DATA FOR PROCESSING Block Start

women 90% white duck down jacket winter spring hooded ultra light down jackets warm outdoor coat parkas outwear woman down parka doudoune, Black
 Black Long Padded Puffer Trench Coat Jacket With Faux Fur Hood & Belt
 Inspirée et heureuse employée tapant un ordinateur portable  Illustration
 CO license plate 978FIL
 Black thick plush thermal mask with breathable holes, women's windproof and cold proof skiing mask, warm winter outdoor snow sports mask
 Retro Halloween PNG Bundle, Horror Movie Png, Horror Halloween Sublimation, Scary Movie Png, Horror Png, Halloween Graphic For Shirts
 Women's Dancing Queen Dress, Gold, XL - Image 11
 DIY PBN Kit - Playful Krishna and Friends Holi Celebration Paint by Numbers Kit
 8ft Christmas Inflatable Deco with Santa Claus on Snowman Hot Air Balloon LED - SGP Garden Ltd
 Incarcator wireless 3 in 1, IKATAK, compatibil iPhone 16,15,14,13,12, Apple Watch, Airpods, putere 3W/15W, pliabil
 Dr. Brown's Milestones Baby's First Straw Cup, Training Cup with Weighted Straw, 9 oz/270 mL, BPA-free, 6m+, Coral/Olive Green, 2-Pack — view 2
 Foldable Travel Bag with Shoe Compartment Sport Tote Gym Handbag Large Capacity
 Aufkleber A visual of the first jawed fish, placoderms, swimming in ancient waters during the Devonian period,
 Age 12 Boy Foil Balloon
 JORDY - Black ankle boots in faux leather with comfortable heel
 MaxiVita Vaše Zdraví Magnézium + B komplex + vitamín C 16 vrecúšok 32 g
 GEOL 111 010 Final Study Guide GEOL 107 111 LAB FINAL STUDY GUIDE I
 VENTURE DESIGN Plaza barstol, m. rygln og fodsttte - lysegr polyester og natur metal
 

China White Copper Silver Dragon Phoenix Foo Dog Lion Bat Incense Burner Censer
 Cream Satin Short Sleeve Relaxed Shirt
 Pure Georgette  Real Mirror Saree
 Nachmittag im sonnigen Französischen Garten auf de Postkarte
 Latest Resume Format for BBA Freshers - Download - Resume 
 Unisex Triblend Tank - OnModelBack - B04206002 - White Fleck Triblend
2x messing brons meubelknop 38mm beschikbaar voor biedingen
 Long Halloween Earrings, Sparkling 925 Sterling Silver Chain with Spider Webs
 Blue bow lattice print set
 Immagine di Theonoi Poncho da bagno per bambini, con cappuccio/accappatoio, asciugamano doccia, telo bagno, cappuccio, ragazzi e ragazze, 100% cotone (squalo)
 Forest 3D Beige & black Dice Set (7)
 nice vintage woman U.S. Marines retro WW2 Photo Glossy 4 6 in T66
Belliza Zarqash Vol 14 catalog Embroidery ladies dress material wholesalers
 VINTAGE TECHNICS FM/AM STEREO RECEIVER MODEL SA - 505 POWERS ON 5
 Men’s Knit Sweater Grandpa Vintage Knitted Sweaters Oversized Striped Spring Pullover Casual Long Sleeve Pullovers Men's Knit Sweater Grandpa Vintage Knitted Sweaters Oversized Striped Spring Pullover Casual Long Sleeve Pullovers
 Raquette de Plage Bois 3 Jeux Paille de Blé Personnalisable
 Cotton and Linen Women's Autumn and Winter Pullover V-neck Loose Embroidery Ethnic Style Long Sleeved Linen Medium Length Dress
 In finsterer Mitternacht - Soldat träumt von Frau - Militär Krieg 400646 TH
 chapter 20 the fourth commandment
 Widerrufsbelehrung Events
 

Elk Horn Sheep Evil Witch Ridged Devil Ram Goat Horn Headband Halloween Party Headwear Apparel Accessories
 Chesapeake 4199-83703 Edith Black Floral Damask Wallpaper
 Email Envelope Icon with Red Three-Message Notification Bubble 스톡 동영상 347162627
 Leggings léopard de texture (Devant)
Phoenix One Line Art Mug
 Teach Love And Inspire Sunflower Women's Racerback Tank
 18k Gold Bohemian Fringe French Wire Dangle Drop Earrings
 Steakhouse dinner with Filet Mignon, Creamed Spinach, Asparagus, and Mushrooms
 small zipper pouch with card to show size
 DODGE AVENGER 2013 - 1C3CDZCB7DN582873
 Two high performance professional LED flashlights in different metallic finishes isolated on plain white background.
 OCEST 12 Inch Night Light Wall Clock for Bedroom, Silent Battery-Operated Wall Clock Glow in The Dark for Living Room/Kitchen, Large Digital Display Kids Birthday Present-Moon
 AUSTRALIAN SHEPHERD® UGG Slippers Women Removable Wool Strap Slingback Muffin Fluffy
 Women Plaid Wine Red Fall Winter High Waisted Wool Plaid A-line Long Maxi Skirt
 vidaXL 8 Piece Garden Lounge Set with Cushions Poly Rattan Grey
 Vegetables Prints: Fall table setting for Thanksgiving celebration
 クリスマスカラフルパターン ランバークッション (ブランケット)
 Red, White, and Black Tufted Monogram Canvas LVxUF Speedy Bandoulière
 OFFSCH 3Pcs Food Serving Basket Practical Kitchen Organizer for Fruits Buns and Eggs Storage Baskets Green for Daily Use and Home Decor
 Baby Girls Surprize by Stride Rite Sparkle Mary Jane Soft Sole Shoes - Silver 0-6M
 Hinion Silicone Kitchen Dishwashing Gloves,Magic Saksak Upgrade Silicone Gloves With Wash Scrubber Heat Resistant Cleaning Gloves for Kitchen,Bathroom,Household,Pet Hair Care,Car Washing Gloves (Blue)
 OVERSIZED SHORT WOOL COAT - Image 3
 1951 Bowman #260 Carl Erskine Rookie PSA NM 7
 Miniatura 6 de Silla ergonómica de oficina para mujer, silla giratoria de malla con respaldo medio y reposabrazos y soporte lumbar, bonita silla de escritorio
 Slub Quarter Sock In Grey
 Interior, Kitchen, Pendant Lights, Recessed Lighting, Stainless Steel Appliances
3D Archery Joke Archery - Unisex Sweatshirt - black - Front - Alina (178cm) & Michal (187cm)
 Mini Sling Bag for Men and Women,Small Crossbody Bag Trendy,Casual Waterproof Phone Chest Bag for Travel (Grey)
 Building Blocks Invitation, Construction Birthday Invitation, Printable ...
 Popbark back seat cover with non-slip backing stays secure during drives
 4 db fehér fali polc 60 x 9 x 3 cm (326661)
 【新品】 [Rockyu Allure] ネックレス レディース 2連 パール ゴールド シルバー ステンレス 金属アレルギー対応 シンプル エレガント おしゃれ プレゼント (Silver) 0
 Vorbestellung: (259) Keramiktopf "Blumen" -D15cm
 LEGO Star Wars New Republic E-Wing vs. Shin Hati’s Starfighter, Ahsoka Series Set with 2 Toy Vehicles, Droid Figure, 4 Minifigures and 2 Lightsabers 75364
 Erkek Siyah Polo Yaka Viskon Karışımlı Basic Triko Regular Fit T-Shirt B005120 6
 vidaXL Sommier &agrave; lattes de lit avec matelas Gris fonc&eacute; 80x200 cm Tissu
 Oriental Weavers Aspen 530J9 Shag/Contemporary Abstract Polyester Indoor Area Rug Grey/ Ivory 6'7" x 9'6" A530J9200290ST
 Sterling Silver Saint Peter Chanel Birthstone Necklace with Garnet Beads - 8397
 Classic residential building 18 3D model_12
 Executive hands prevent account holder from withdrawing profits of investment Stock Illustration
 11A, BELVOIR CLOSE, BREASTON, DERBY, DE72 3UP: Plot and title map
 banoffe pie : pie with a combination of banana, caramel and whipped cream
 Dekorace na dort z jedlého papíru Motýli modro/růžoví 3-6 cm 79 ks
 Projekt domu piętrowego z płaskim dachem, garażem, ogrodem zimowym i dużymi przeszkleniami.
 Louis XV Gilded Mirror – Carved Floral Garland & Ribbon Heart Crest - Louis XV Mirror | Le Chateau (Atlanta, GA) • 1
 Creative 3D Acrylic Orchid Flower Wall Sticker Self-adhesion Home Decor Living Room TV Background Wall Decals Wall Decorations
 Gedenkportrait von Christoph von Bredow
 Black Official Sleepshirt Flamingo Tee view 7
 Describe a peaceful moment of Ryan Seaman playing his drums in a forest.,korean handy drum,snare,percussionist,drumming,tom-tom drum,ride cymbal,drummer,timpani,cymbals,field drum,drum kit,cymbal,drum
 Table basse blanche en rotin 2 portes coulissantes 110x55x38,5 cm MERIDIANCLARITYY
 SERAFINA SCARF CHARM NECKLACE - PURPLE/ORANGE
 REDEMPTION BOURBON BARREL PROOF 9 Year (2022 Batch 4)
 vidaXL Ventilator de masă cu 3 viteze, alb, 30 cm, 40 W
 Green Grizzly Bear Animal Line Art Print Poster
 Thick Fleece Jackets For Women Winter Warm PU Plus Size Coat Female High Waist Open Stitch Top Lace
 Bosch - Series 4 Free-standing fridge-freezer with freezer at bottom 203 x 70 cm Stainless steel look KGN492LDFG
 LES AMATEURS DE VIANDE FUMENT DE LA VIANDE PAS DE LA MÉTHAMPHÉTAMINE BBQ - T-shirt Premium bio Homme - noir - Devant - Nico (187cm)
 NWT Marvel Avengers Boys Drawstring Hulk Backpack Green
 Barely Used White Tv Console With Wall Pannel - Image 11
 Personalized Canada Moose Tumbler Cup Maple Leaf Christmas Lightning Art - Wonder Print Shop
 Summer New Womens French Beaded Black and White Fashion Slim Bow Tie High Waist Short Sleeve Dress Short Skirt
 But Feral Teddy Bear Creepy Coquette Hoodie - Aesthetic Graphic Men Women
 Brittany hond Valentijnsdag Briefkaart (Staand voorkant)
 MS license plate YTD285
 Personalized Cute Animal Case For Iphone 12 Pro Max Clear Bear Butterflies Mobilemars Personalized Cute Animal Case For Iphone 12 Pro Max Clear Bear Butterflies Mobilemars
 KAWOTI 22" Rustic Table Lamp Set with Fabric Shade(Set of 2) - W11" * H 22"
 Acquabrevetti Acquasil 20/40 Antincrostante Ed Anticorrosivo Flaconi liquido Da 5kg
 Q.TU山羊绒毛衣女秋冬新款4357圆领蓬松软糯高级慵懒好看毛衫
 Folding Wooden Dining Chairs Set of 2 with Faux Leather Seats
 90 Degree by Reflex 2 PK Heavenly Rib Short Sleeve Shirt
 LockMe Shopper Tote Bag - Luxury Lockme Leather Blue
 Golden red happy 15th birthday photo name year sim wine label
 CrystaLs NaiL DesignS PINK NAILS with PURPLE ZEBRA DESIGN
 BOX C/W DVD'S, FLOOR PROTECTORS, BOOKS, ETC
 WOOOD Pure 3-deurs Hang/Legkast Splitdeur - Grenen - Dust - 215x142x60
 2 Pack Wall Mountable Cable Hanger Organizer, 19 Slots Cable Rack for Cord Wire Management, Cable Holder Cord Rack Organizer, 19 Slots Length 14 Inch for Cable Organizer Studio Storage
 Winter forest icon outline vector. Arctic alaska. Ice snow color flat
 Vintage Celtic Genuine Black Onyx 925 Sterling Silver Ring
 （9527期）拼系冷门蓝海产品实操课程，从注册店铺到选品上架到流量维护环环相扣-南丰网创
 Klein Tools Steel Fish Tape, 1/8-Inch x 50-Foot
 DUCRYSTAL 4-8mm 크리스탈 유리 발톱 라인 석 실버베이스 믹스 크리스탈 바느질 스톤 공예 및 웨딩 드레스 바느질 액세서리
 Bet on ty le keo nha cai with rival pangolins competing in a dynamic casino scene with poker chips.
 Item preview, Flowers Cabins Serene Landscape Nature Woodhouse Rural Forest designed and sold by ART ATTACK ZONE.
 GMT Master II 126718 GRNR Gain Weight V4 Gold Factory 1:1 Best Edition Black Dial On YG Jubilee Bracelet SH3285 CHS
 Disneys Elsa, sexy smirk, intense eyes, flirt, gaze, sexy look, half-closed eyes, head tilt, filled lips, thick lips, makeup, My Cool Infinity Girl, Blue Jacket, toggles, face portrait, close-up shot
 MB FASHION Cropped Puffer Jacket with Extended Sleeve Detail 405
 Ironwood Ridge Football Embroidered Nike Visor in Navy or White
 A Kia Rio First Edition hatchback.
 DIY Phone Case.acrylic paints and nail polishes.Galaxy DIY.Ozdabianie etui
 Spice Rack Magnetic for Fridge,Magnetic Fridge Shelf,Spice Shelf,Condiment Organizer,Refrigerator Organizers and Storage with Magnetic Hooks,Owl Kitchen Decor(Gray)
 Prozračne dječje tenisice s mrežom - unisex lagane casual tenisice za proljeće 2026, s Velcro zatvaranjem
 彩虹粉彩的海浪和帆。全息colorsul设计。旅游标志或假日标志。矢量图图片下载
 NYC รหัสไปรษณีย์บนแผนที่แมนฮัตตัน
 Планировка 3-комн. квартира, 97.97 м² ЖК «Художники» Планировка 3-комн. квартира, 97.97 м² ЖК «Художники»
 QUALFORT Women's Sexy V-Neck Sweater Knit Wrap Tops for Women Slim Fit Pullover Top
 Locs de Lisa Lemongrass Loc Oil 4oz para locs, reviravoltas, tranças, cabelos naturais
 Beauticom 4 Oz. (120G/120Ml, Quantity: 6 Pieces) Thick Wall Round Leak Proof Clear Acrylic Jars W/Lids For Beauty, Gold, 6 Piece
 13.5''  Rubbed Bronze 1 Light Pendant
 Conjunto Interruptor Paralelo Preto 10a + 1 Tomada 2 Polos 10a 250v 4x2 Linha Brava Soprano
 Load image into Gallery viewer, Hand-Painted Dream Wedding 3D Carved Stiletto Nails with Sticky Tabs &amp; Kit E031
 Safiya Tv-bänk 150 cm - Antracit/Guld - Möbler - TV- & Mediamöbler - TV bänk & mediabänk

DATA FOR PROCESSING Block End

Check each line in the records above for the word "Phoenix". Return those that have it.

China White Copper Silver Dragon Phoenix Foo Dog Lion Bat Incense Burner Censer
Phoenix One Line Art Mug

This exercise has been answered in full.